We have to recognize it, Madonna is a miracle worker.  In these times of ever-decreasing faith and when our society finds it harder and harder to believe in miracles, Madonna goes and proves that it’s possible.

According to Webster’s, a miracle is “an extraordinary event manifesting divine intervention in human affairs.”  And we just saw one.

Against all logic, at least that logic that denies that we Basques are part of a reality called the “Basque Country,” one of the leading periodicals owned by Vocento (whose most representative newspaper is the pro-monarchy ABC) has published an article analyzing the tight relationship between the Basques, all things Basques, and the singer with a headline that left us gobsmacked:

El amor de Madonna por Euskadi 

“Madonna’s love for the Basque Country.”  This was such a big deal that we went ahead and broke our cardinal rule.  Normally, we want to know what the world is saying about the Basques, so we avoid the press in Spain and France.  But this is a very special case, so we’re breaking that rule like a Mack truck through a brick wall.

The newspaper that has published this article is El Correo, the Bilbao-based journal that until recently printed the masthead “El Correo Español — El Pueblo Vasco.”  For some context, this paper began its life on April 13, 1938 as the merger of two other papers.

The first was El Correo Español, which was founded not seventeen days after the Franco fascists, on July 6, 1937, not seventeen days after the fall of Bilbao, when the insurgents seized the printer that had been publishing the newspaper Euzkadi.

The other, El Pueblo Vasco, was a conservative-leaning newspaper founded in 1910 which supported the July 1936 coup which led to Franco’s military rebellion, and was later closed by Republican government order.  It was reopened in 1937 when Franco’s troops took Bilbao over.

We’re telling you all this so that you can understand just how much we were taken aback by the fact that this headline about Madonna and her relationship with the Basques over many, many years appeared in this paper.

Let’s not forget that for this publisher, the borders are very clear, and as the former mayor of Madrid, and wife to former Primer Minister Aznar, Ana Botella once said, “you can’t mix pears and apples.”  In this case, that would be “mixing” the “Spaniards” of the Southern Basque Country with the “French” of the Northern Basque Country.  Or so we thought until now.

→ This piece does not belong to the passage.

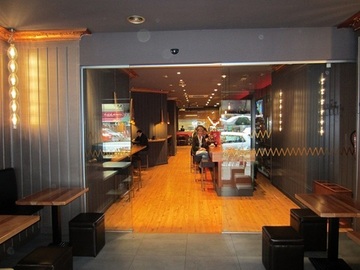 Puerta de cristal automática. Restaurante Naguar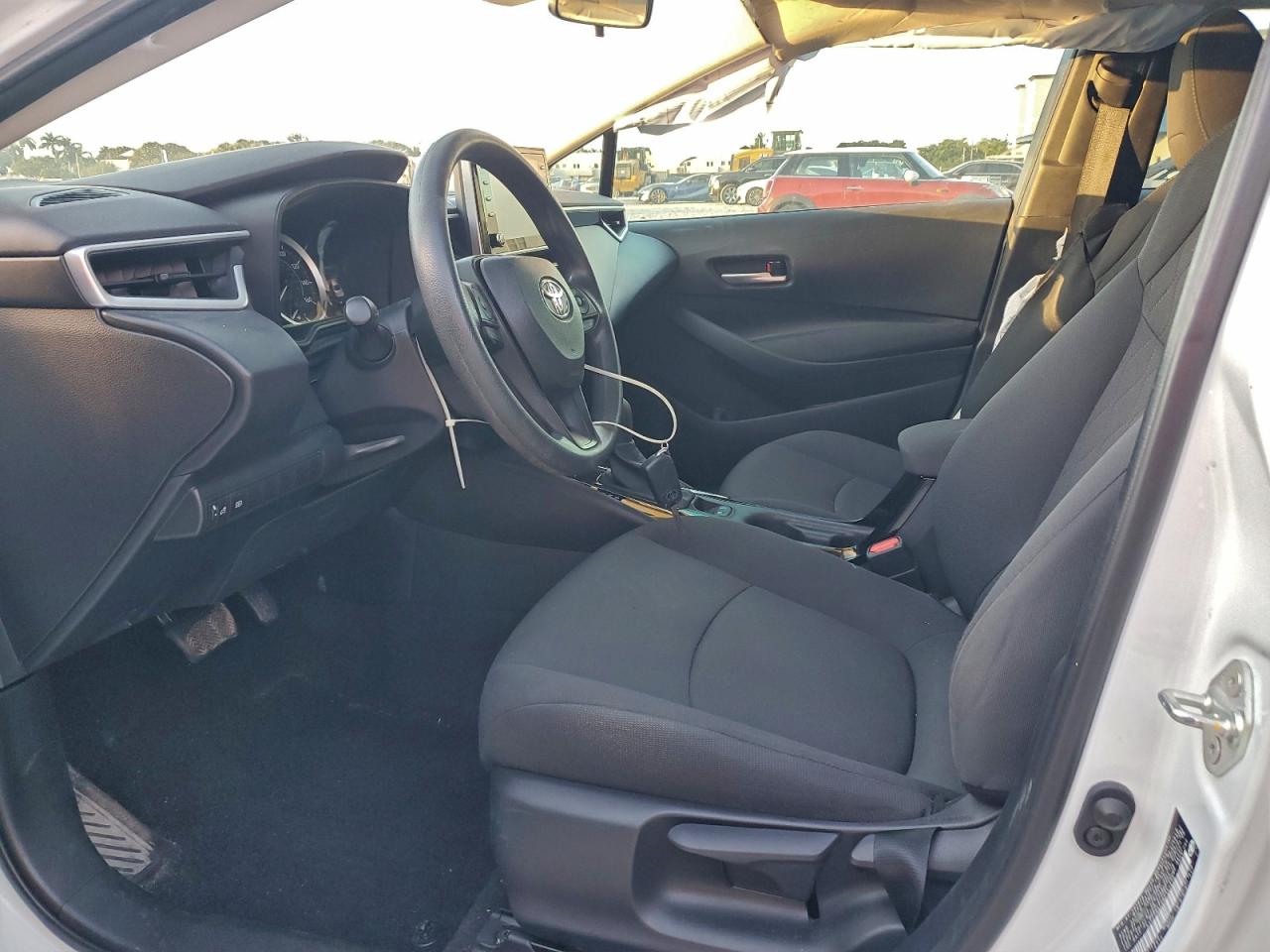 2021 TOYOTA COROLLA LE photo 7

Madonna’s relationship with the Basques

The article reminds us of the lengthy relationship Madonna has had with the Basques: her time with the Labèque sisters, the extraordinary Basque pianists from Bayonne who have taken Madonna to the their home on the Basque Coast; the singer’s relationship with Kalakan, also from the Northern Basque Country; or her relationship with Bilbao-born model Jon Kortajarena.  We’ve covered all this over the years.

Bayonne, and Biarritz, are the Basque Country

If our readers noticed, of all those cited above, three are from the Northern Basque Country, and only one is from the Basque Autonomous Community, which is what El Correo usually calls “the Basque Country.”  This is quite normal and logical for us, but we were surprised to see this newspaper calling all of them Basque.

Of course it shouldn’t be surprising that the Northern Basque Country should be included in the term “the Basque Country.”  Actually, that term refers to the seven Basque territories, joined together voluntarily as brothers, free and equal.  That is the term that Sabino Arana, the father of the Basque nationalist movement, gave this confederation.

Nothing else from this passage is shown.